Mais, ce président s’en rend-il seulement compte? Certainement, mais n’en a cure. Car, il croit dur comme fer que la culture de la peur que son système a installée dans le pays à définitivement pris le dessus, que l’opinion publique ne peut influencer en rien ses choix et actions et qu’il reste le seul maître à bord. Personne à la tête de l’État pour parler aux Togolais en des termes portant l’empreinte de la conciliation, du respect et de la solidarité. Aussi le chef de l’État ne sent-il nul besoin de rendre compte ni le devoir de s’expliquer, même sur les scandales les plus effarants qui, ailleurs sur le continent, auraient menacé son fauteuil et obligé ses services à monter au créneau pour au moins calmer les esprits.

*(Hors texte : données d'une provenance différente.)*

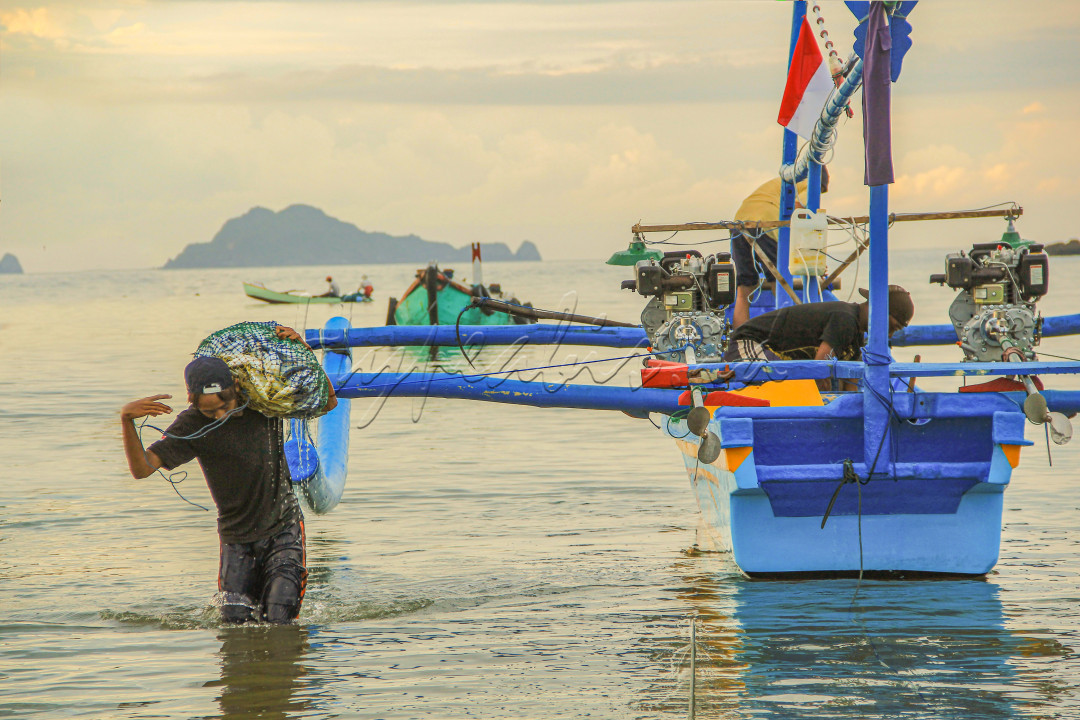 kehidupan nelayan saat pagi hari yaitu pulang melaut dengan membawa hasil dari memancing semalaman
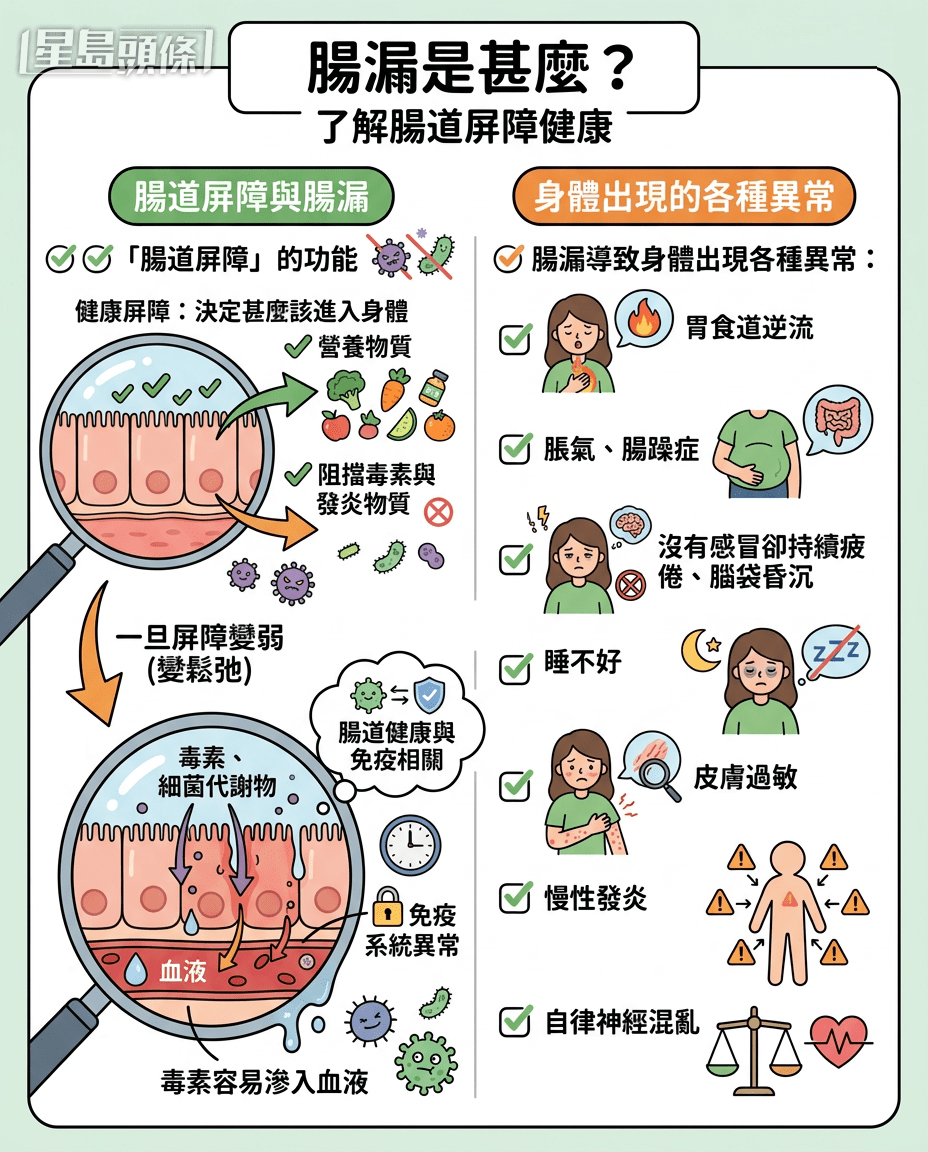 腸漏是甚麼？可能是慢性疲勞的隱形元凶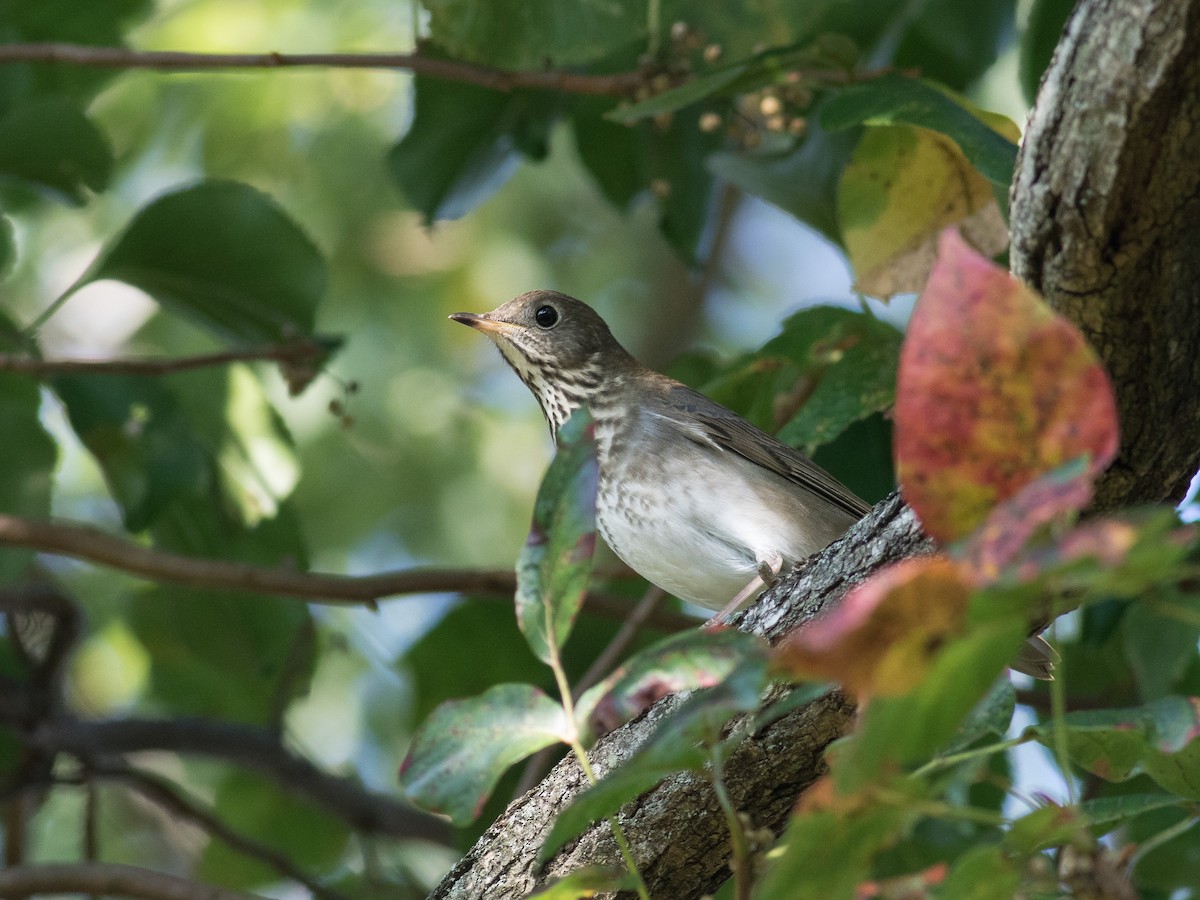 Gray-cheeked/Bicknell's Thrush - ML375070591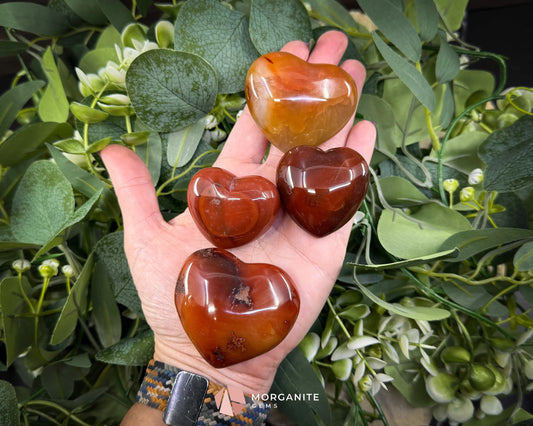 Carnelian Heart Crystal (45–60mm) with Info Card | Love Confidence & Creativity - Metaphysical Crystals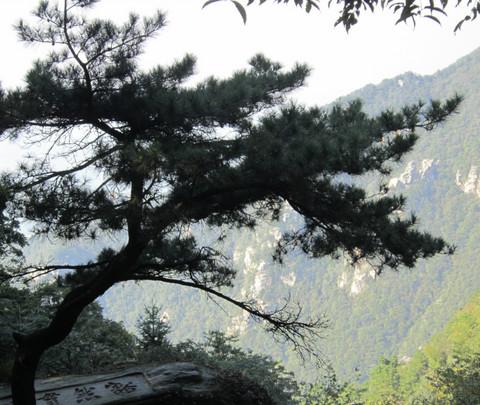 庐山,九江。10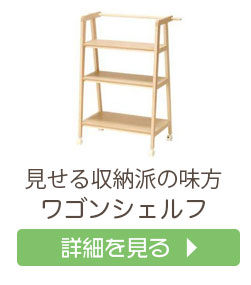 cosine（コサイン） (プレゼント付) コンビラック HR-03NM ハンガー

Il faut éviter de se cacher la face et reconnaître que le peuple Togolais est encore un peuple faible. Plus de joyeux poltrons que d’impétueux braves. Pour le moment, le Togolais, très appauvri, tire le diable par la queue s’il ne danse pas devant son buffet. C’est, possiblement, la raison de sa faiblesse. Mais viendra le jour où il va devoir mettre fin au piétinement sourd de son destin. Autrement, le vrai danger qui mine le régime de Faure et qui va forcement provoquer son effondrement, c’est cet étonnant mépris qu’il a du PEUPLE, ignorant que le peuple peut faire montre de volt-face subites, qui peut conspuer le soir après avoir acclamer le matin. Ce peuple qui, en dehors des origines de l’univers, est la plus complexe et insaisissable des réalités qui existent. Ceci étant, Faure et ses sbires, dans leur fuite en avant, se savent condamnés. Forcement. Car, un jour, ils rencontreront ce peuple souverain sur les pentes savonneuses de leur politique de la terre brûlée.